New Holy Grail: information lifecycle management; Has it been found? Not yet.
These important questions need answers so we can understand how data should be managed and where data should--ideally--reside during its existence. In particular, the probability of reuse of data has historically been one of the most meaningful metrics for understanding optimal data placement and remains a key metric for effective HSM (Hierarchical Storage Management) implementation.
For the majority of data types, the number of references to data significantly declines as the data ages. This basic observation serves as the basis for more cost-effective storage management as it enables the movement of less active data to lower-cost levels of storage. The lower frequency of access as data ages has been a fundamental storage management principle for over 25 years.
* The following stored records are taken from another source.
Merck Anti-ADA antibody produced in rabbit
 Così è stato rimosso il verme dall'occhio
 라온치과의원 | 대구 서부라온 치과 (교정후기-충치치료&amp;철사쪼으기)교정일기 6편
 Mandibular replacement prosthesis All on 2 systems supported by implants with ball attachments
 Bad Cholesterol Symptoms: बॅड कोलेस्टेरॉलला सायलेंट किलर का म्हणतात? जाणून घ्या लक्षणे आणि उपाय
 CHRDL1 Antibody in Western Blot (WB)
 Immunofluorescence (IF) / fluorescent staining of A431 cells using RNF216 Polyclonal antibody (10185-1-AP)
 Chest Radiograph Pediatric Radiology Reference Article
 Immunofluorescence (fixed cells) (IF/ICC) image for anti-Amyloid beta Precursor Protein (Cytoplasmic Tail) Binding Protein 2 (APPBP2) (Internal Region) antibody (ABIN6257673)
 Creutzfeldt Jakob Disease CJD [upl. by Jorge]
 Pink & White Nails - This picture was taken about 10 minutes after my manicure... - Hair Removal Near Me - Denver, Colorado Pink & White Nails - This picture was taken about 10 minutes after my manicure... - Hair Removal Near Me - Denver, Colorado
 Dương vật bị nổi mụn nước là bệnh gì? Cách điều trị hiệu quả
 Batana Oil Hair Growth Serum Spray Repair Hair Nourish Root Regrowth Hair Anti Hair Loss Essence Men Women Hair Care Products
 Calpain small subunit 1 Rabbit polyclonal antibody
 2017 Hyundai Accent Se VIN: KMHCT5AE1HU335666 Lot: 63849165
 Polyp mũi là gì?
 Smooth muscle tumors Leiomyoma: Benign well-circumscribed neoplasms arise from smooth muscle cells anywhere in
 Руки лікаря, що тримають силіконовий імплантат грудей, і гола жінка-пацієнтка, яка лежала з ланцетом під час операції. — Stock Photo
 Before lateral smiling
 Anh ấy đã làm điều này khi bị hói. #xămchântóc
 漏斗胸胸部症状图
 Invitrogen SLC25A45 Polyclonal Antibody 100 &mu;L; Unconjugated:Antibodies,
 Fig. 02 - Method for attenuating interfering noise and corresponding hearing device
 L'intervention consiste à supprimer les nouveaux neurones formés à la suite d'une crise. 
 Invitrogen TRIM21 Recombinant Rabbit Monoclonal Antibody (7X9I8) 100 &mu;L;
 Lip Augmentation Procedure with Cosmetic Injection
We are now witnessing a new effect on the life cycle of data: the amount of data now increases as it ages. Unlike the past, fixed content and archival storage have become the fastest growing areas of the storage industry. Storage demand grew at over 100% per year during the dot-com boom of the late 1990s. Today, the storage industry is generating new data at a rate of approximately 50-70% per year. In addition, some of the current demand for storage is presently being consumed from existing and unused capacity that is the result of the excessive buying habits of the past several years. Regardless of the growth rate, the continual increases in the amount of digital data have made storage management more difficult and, as a result, more data is being accumulated for longer periods of time. Much of this data lives digitally without effective storage management services.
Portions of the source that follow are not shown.